La Corte di Cassazione, nel solco del principio di diritto assunto a Sezioni Unite con sentenza N° 9479 del 6 Aprile 2023 [epilogo come notorio preceduto da plurimi rinvii pregiudiziali ex art. 267 TFUE, da parte di più Tribunale di paesi UE, ivi compreso quello italiano, e da successiva sentenza del 17 maggio 2022, con cui al Corte di Giustizia dell’Unione Europea, Sezione Grande, ha dichiarato contraria ai principi di effettività della tutela giurisdizionale del consumatore, contemplati dagli artt. 6 e 7 della direttiva 93/13/CEE, la mancata possibilità di riesame delle clausole potenzialmente abusive di un contratto, non scrutinate nel corso del procedimento monitorio], interviene ribadendo:
1) da un lato l’inidoneità del decreto ingiuntivo ad assumere la copertura di giudicato, se mancato il controllo del giudice monitorio quanto alla vessatorietà, tale da consentire al consumatore, nella successiva fase esecutiva, una tutela posticipata, idonea nel caso ad invalidare la fase di espropriazione interposta dal creditore; in sede di esecuzione, mediante il controllo effettuato dal giudice dell’esecuzione;
2) la necessità di contemperare il corollario di diritto con i principi di carattere processuale e sostanziale, ivi compresa la necessità di tutelare la circolazione dei beni verso i quali è già avvenuta la vendita in sede di esecuzione forzata.
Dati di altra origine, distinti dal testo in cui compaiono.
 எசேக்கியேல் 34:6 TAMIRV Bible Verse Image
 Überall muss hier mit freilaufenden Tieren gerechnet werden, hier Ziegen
Pertanto, sulla base dell’art. 2929 cc, che rende inopponibili all’aggiudicatario i vizi del processo esecutivo non censurati con il rimedio dell’opposizione agli atti esecutivi, né le nullità del processo esecutivo che hanno preceduto la vendita o l’assegnazione, né le nullità del processo esecutivo precedenti l’ordinanza di vendita hanno effetto nei confronti dell’aggiudicatario (Corte di Cassazione, Terza Sezione Civile, Ordinanza N° 17055 del 20 Giugno 2024).